As WimC points out, there is no difficulty extending the concept of a Delaunay triangulation to higher dimensions. In fact, Delaunay himself worked with a periodic point set in a Euclidean space of arbitrary finite dimension (you can now find his paper online: "Sur la sphère vide").
It is true that you cannot tile $\mathbb{E}^3$ with regular tetrahedra, but there is no requirement that the Delaunay simplices be regular. There is a technicality, that is typically not given the attention it deserves: not every set of points will yield a Delaunay triangulation. For example, if you choose the vertices to be the integer lattice (cartesian lattice), you encounter a problem: the points are not in "general position".
The Delaunay complex on a set of points $P \subset \mathbb{E}^n$ can be characterised as the set of simplices that have an open circumscribing ball that does not intersect $P$. If the points are not in general position you obtain simplices of dimension higher than $n$, and therefore the complex is not embedded; it is not a triangulation. As Delaunay pointed out, this only happens when you have more than $n+1$ points on some sphere, and such configurations can be avoided with an arbitrarily small perturbation.

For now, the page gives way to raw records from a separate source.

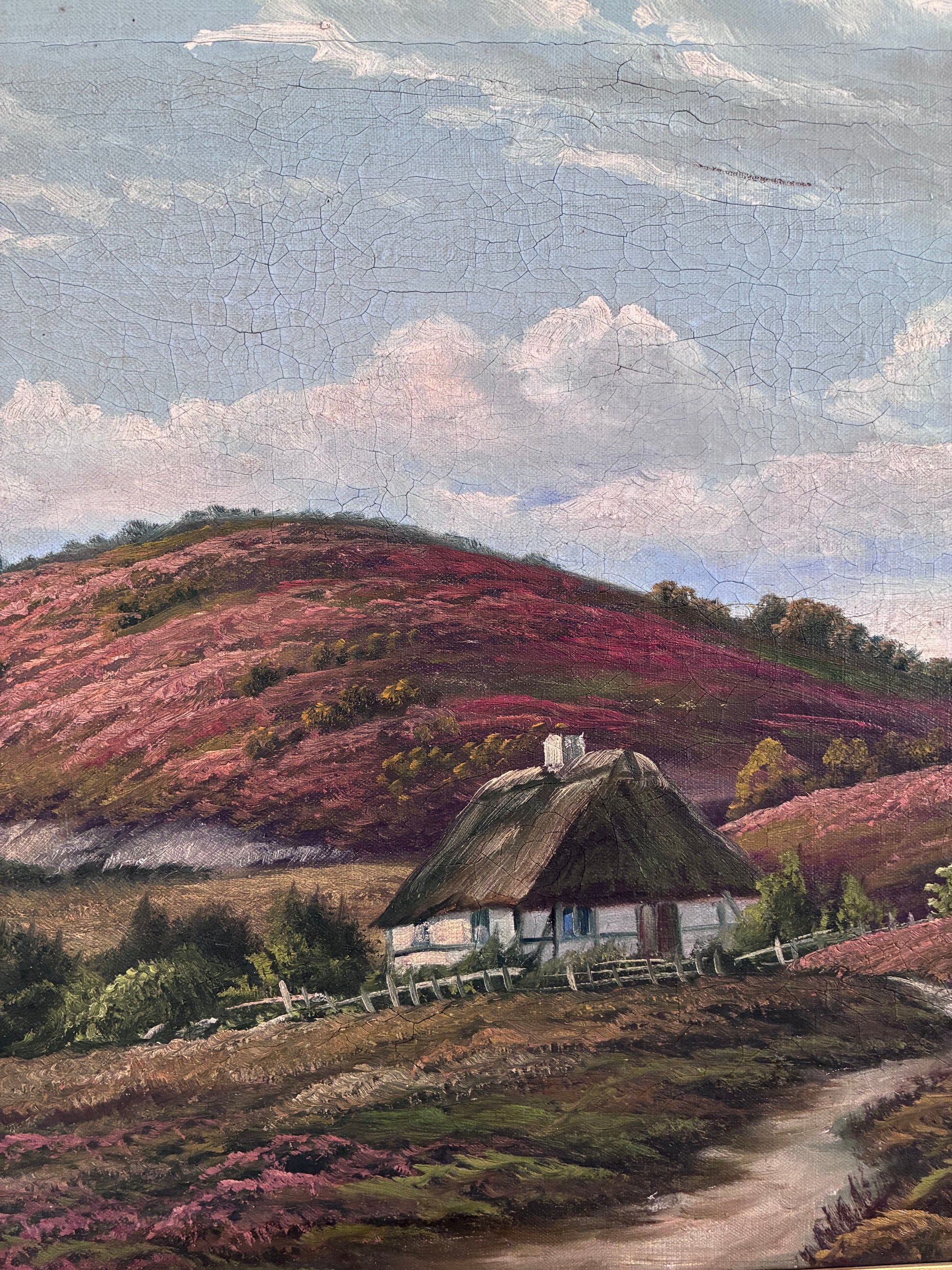 Antique original landscape oil painting, signed countryside art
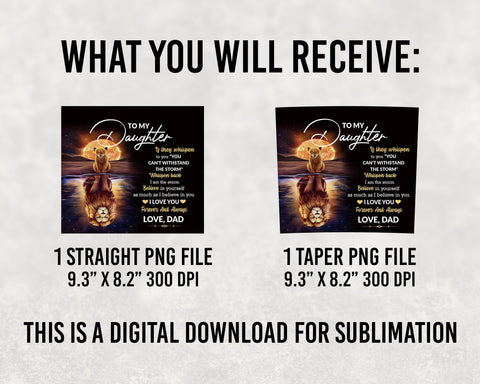 To My Daughter Tumbler, 20oz Skinny Tumbler Sublimation Wrap, To My Daughter from Dad Sublimation BOO-design 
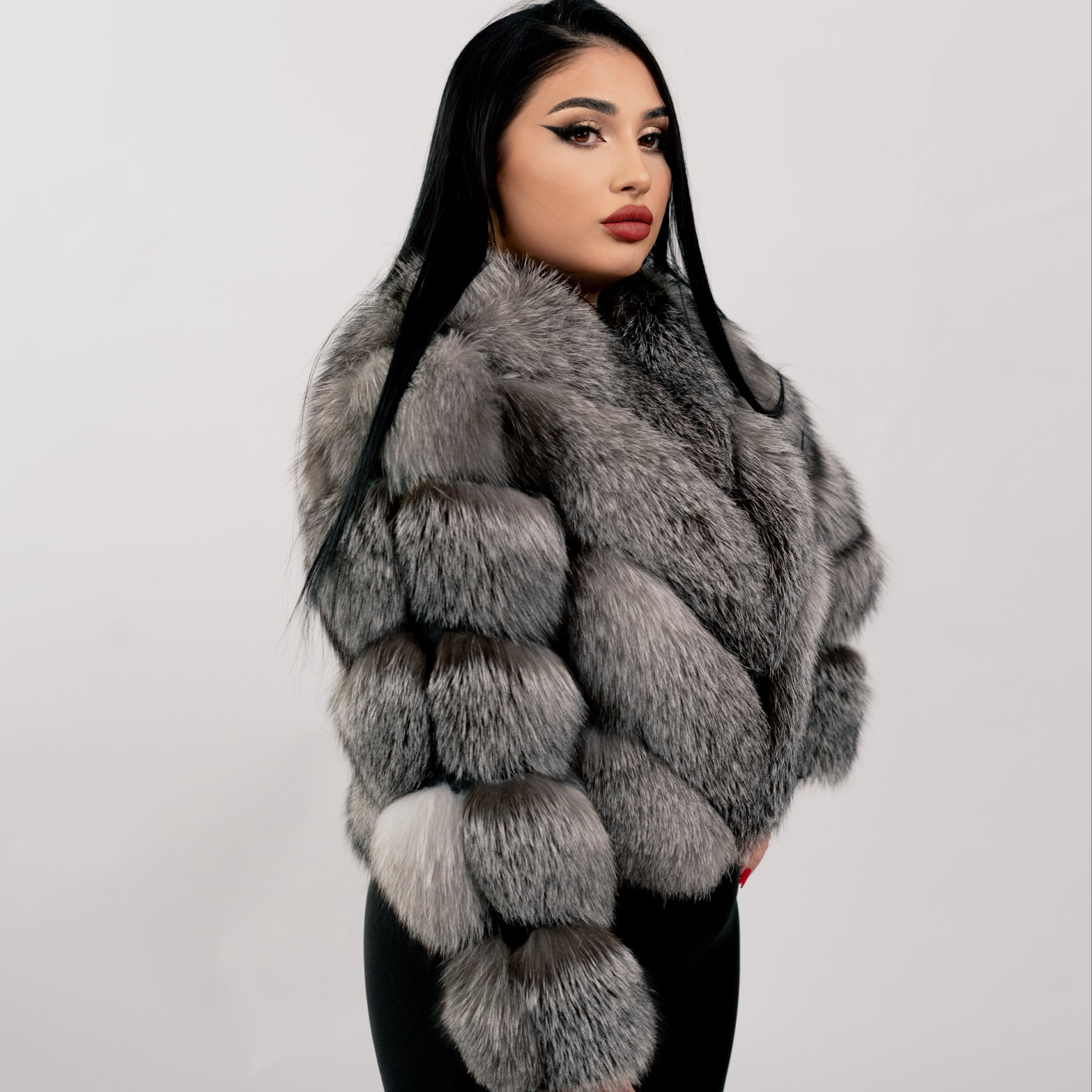 Haina din blana naturala de Vulpe Polara Argintie, Model 2 in 1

This is why the problem is often ignored, by assuming that $P$ is in general position.
Anyway, once you are aware of that issue, you can get a nice Delaunay triangulation in $\mathbb{E}^n$ by using your favourite lattice. For example, the Delaunay tetrahedra in the BCC lattice are all mutually isometric.
The Delaunay complex can be defined in the same way when $P \subset M$, for an arbitrary metric space $M$. If $M$ is a manifold with constant curvature, then you will get a triangulation, provided the vertices are sufficiently dense, and you avoid degenerate configurations. However, if the curvature is not constant, you need to work harder to obtain a triangulation: you cannot have $P$ "arbitrarily close" to a degenerate configuration.